+++ Data excerpts
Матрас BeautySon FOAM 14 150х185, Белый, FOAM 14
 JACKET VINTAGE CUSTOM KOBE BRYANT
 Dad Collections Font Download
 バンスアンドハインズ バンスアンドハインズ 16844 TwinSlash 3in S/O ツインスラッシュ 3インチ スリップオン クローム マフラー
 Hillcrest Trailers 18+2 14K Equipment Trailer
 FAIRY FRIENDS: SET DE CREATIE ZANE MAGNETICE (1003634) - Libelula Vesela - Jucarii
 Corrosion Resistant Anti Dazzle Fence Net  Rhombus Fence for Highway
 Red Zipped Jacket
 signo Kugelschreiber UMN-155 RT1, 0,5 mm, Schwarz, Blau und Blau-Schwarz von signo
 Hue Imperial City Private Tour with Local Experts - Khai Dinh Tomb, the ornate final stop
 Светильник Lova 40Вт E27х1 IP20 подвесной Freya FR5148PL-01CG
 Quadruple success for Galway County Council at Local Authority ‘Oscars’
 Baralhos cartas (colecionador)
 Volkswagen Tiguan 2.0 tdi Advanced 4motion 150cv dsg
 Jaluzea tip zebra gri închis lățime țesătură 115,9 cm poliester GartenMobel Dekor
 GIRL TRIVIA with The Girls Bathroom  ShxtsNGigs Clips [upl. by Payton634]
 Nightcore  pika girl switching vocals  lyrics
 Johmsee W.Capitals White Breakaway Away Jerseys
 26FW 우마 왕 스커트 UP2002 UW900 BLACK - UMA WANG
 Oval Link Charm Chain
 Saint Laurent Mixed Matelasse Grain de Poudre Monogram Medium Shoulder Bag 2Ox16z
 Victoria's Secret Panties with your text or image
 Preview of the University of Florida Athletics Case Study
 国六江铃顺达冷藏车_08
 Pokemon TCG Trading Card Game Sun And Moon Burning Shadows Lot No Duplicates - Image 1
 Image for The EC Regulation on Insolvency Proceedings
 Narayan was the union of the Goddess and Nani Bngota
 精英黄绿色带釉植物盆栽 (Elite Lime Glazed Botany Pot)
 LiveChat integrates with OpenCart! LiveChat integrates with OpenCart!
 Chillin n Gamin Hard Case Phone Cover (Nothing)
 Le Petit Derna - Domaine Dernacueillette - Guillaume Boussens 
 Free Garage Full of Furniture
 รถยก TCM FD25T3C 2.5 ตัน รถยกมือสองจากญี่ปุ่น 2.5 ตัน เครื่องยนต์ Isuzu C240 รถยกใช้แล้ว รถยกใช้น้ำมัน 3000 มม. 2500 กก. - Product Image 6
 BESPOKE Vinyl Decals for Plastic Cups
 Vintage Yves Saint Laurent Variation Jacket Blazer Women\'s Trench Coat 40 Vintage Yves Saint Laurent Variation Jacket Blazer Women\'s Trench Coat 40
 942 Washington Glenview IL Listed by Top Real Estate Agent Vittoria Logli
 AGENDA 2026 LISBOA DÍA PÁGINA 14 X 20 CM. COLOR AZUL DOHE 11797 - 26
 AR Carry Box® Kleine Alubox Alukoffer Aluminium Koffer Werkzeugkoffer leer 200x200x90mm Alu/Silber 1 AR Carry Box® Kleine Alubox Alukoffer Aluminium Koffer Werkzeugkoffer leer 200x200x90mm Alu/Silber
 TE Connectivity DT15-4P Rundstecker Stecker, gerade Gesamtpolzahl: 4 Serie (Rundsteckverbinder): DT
++++++
Directions: From the top of the material above, please transcribe each line exactly. Include the line with "AGENDA 2026 LISBOA" and end there.

Solution to the problem:
Матрас BeautySon FOAM 14 150х185, Белый, FOAM 14
 JACKET VINTAGE CUSTOM KOBE BRYANT
 Dad Collections Font Download
 バンスアンドハインズ バンスアンドハインズ 16844 TwinSlash 3in S/O ツインスラッシュ 3インチ スリップオン クローム マフラー
 Hillcrest Trailers 18+2 14K Equipment Trailer
 FAIRY FRIENDS: SET DE CREATIE ZANE MAGNETICE (1003634) - Libelula Vesela - Jucarii
 Corrosion Resistant Anti Dazzle Fence Net  Rhombus Fence for Highway
 Red Zipped Jacket
 signo Kugelschreiber UMN-155 RT1, 0,5 mm, Schwarz, Blau und Blau-Schwarz von signo
 Hue Imperial City Private Tour with Local Experts - Khai Dinh Tomb, the ornate final stop
 Светильник Lova 40Вт E27х1 IP20 подвесной Freya FR5148PL-01CG
 Quadruple success for Galway County Council at Local Authority ‘Oscars’
 Baralhos cartas (colecionador)
 Volkswagen Tiguan 2.0 tdi Advanced 4motion 150cv dsg
 Jaluzea tip zebra gri închis lățime țesătură 115,9 cm poliester GartenMobel Dekor
 GIRL TRIVIA with The Girls Bathroom  ShxtsNGigs Clips [upl. by Payton634]
 Nightcore  pika girl switching vocals  lyrics
 Johmsee W.Capitals White Breakaway Away Jerseys
 26FW 우마 왕 스커트 UP2002 UW900 BLACK - UMA WANG
 Oval Link Charm Chain
 Saint Laurent Mixed Matelasse Grain de Poudre Monogram Medium Shoulder Bag 2Ox16z
 Victoria's Secret Panties with your text or image
 Preview of the University of Florida Athletics Case Study
 国六江铃顺达冷藏车_08
 Pokemon TCG Trading Card Game Sun And Moon Burning Shadows Lot No Duplicates - Image 1
 Image for The EC Regulation on Insolvency Proceedings
 Narayan was the union of the Goddess and Nani Bngota
 精英黄绿色带釉植物盆栽 (Elite Lime Glazed Botany Pot)
 LiveChat integrates with OpenCart! LiveChat integrates with OpenCart!
 Chillin n Gamin Hard Case Phone Cover (Nothing)
 Le Petit Derna - Domaine Dernacueillette - Guillaume Boussens 
 Free Garage Full of Furniture
 รถยก TCM FD25T3C 2.5 ตัน รถยกมือสองจากญี่ปุ่น 2.5 ตัน เครื่องยนต์ Isuzu C240 รถยกใช้แล้ว รถยกใช้น้ำมัน 3000 มม. 2500 กก. - Product Image 6
 BESPOKE Vinyl Decals for Plastic Cups
 Vintage Yves Saint Laurent Variation Jacket Blazer Women\'s Trench Coat 40 Vintage Yves Saint Laurent Variation Jacket Blazer Women\'s Trench Coat 40
 942 Washington Glenview IL Listed by Top Real Estate Agent Vittoria Logli
 AGENDA 2026 LISBOA DÍA PÁGINA 14 X 20 CM. COLOR AZUL DOHE 11797 - 26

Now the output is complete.